### What the task requires
The material below holds the lines to copy: from the one with "Set van 6 pizzaplaten, diameter" up to and including the one with "DYMO D1-Etikettenband |". Copy them exactly and skip the pictures.

### Records to use
----

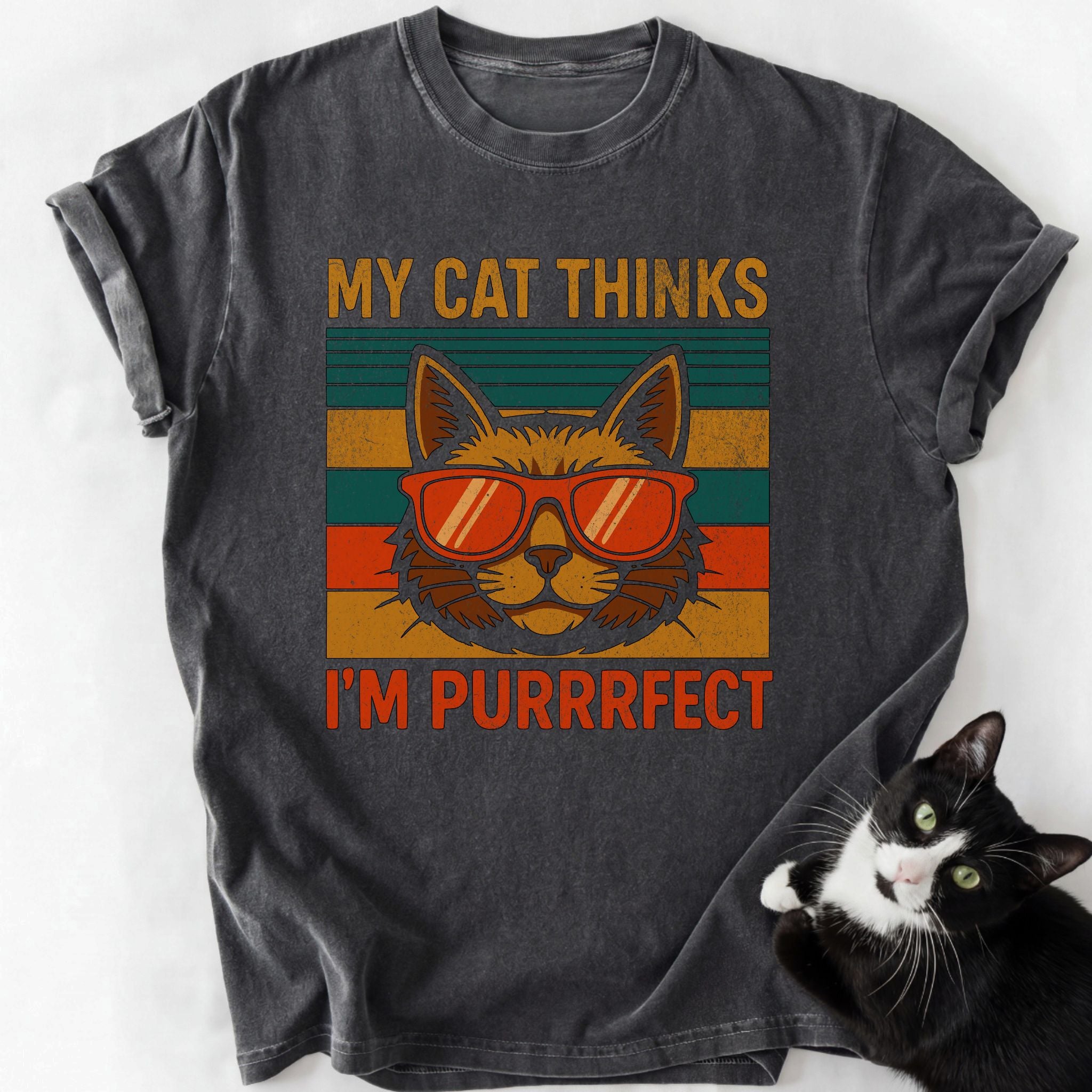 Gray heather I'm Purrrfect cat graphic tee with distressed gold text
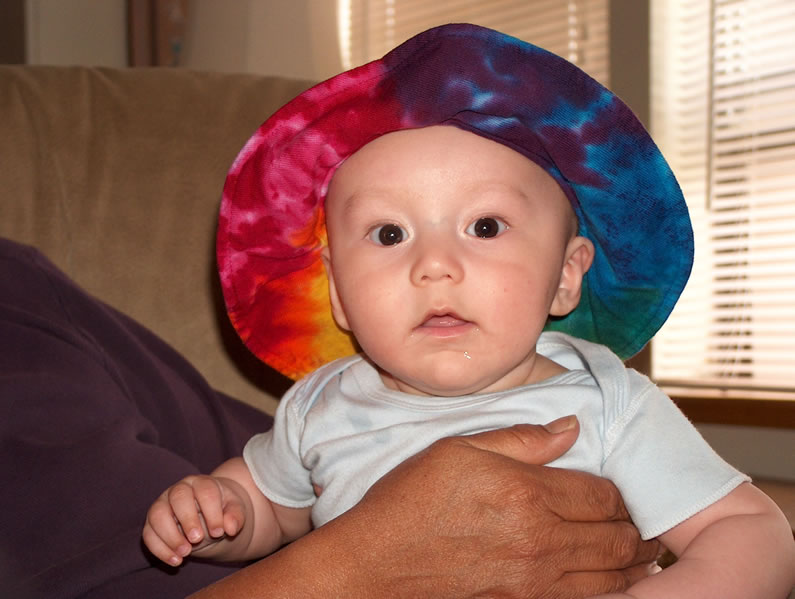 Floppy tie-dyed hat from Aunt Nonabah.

----

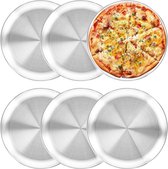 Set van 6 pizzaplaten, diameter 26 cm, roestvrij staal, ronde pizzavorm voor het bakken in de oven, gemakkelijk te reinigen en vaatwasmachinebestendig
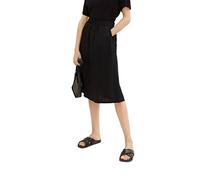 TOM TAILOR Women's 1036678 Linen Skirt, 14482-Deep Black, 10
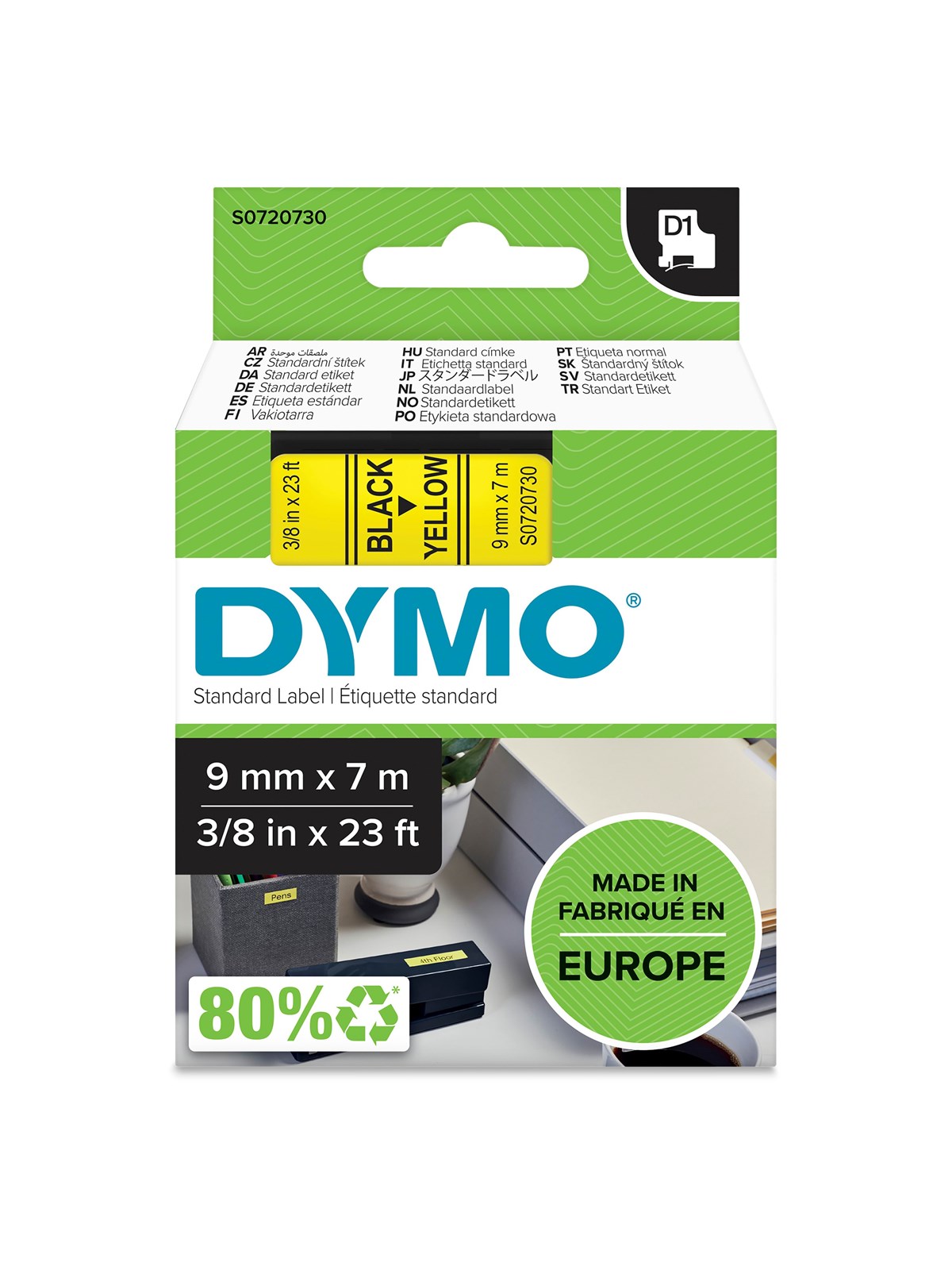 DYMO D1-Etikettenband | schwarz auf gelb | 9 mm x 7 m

----

### Your response
 Set van 6 pizzaplaten, diameter 26 cm, roestvrij staal, ronde pizzavorm voor het bakken in de oven, gemakkelijk te reinigen en vaatwasmachinebestendig
 TOM TAILOR Women's 1036678 Linen Skirt, 14482-Deep Black, 10
 DYMO D1-Etikettenband | schwarz auf gelb | 9 mm x 7 m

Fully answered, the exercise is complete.